> _HOW TO COMPLETE THIS TASK_: Pull out the lines from the one containing "Wieso ist es" through the final line of the listing below and repeat them exactly. Leave the pictures behind.

==*==

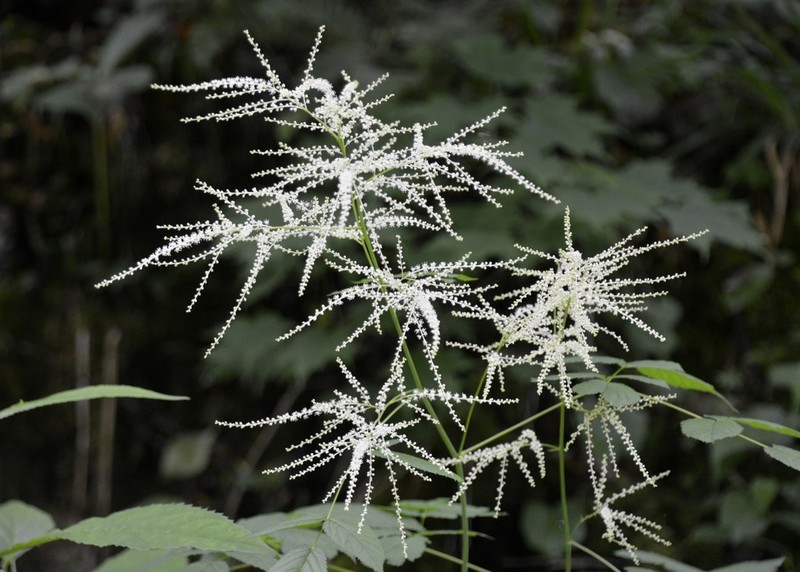 Bride's Feathers photo 6
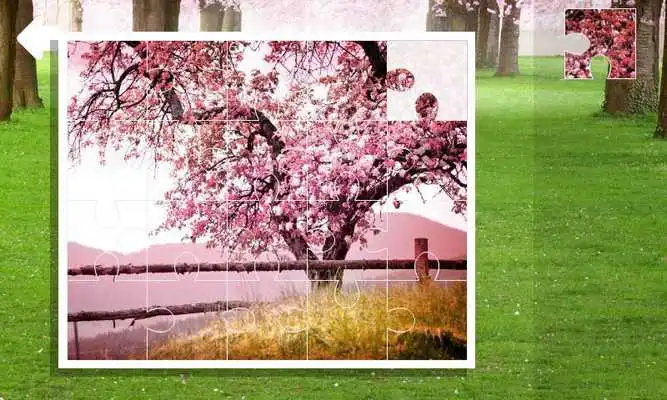Play Jigsaw puzzle. Spring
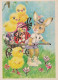 EASTER RABBIT Vintage Postcard CPSM #PBO428.GB - Pâques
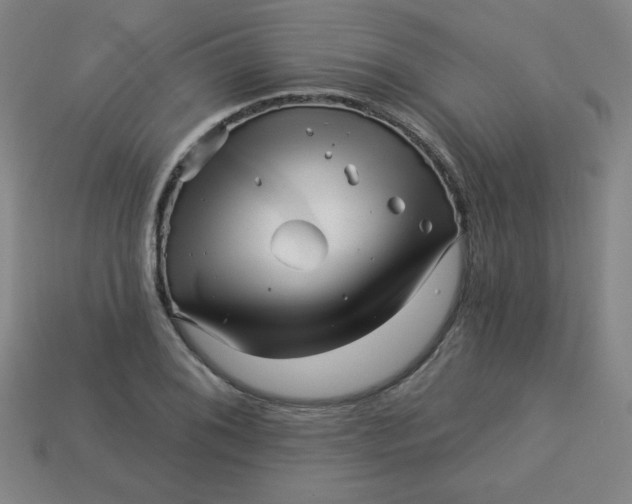 X0000113531076200910091218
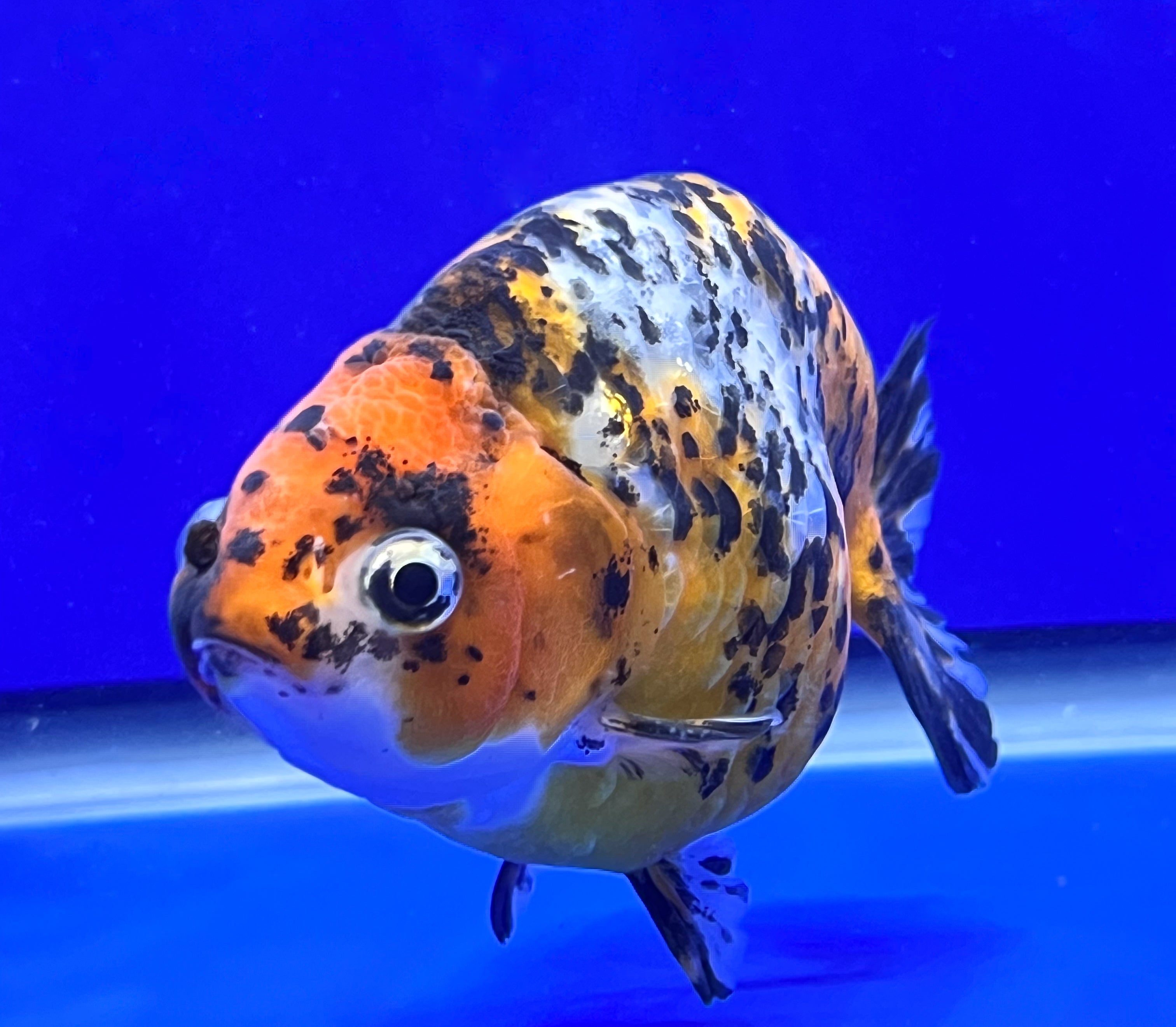 Calico Ranchu Goldfish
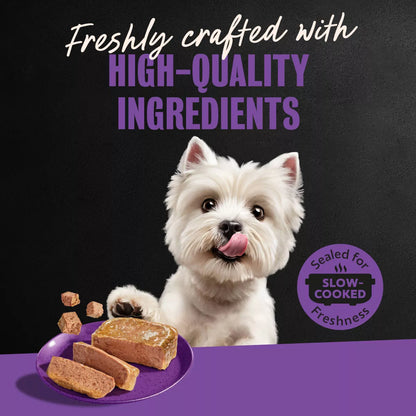 Cesar Classic Loaf in Sauce Grilled Chicken and Gravy Flavor Wet Dog Food for Small Breeds - 3.5 Oz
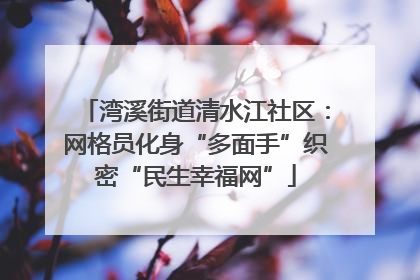 湾溪街道清水江社区：网格员化身“多面手”织密“民生幸福网”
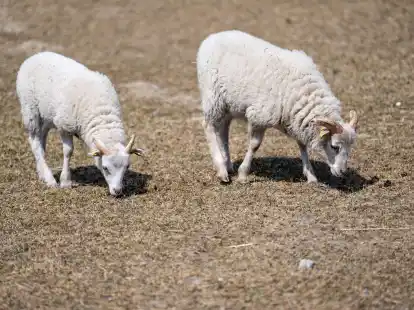 Wieso ist es nach dem nassen Winter in Deutschland vielerorts schon wieder viel zu trocken?
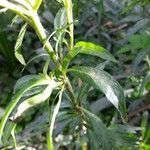 Cuphea racemosa Leaf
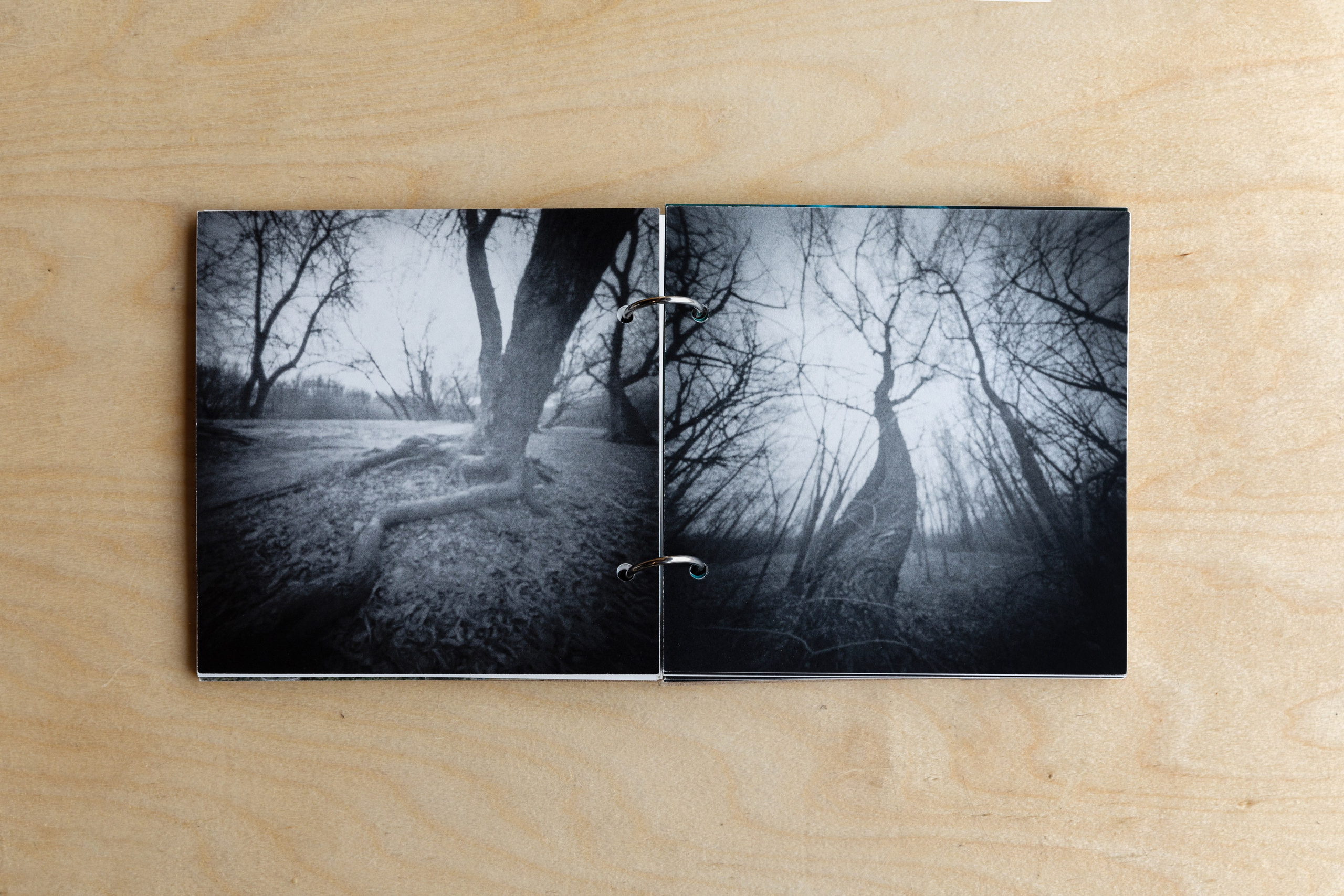 Beetlemania. Лера Круглова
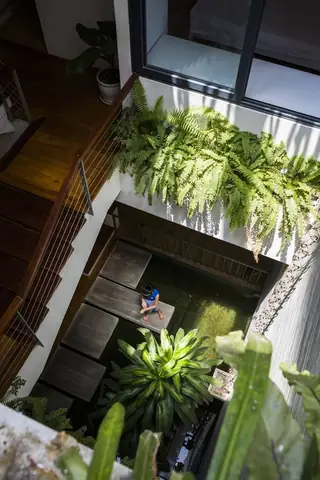 Hồ Cá Trong Nhà Dưới Giếng Trời
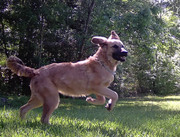 [Image: Dolly-4.jpg]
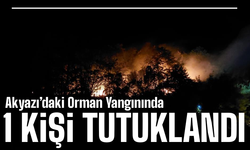 Akyazı’daki Orman Yangınında Kundaklama Şüphesi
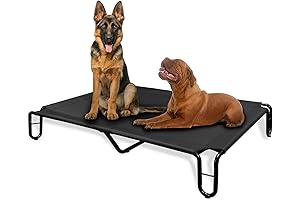 Premium Outdoor Elevated Dog Bed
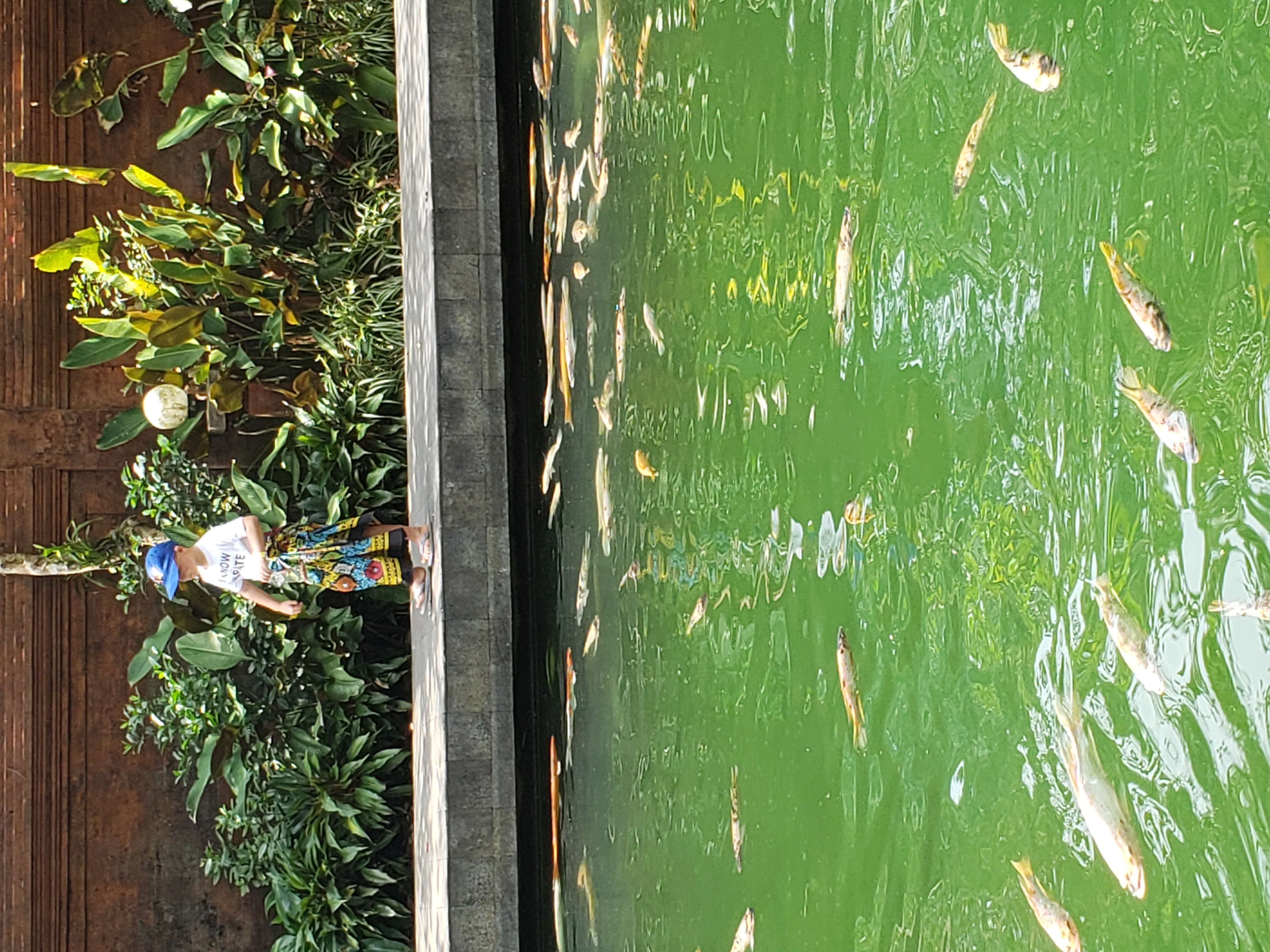 2018 Southeast Asia Trip Day 6 - Ubud, Bali, Indonesia (Mount Agung Volcano in Distance, Tegallalang Rice Terraces, Tirta Empul (Hindu Balinese Water Temple), Wearing Sarongs, Satria Agrowisata Coffee Plantation, Civet Cat Poop, Tibumana Waterfall)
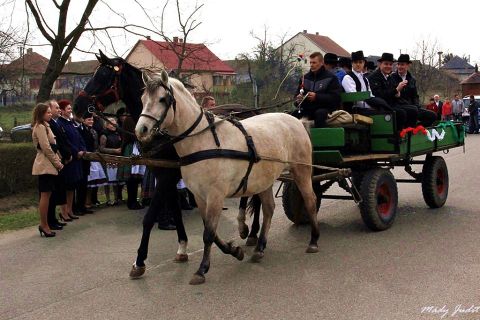 2014_03_15_cigánd_március 15_ünnepség (29)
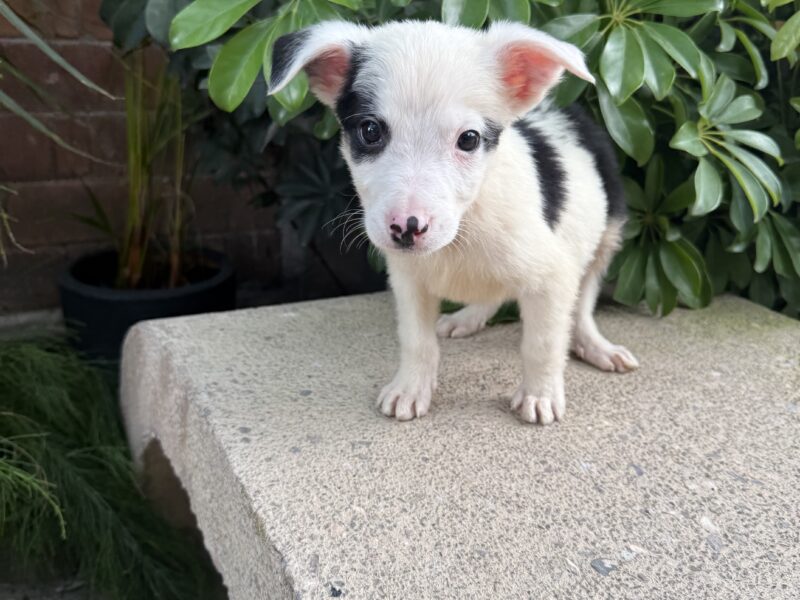 PONCHITO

==*==

> _ANSWER TO THIS PROBLEM_:
 Wieso ist es nach dem nassen Winter in Deutschland vielerorts schon wieder viel zu trocken?
 Cuphea racemosa Leaf
 Beetlemania. Лера Круглова
 Hồ Cá Trong Nhà Dưới Giếng Trời
 [Image: Dolly-4.jpg]
 Akyazı’daki Orman Yangınında Kundaklama Şüphesi
 Premium Outdoor Elevated Dog Bed
 2018 Southeast Asia Trip Day 6 - Ubud, Bali, Indonesia (Mount Agung Volcano in Distance, Tegallalang Rice Terraces, Tirta Empul (Hindu Balinese Water Temple), Wearing Sarongs, Satria Agrowisata Coffee Plantation, Civet Cat Poop, Tibumana Waterfall)
 2014_03_15_cigánd_március 15_ünnepség (29)
 PONCHITO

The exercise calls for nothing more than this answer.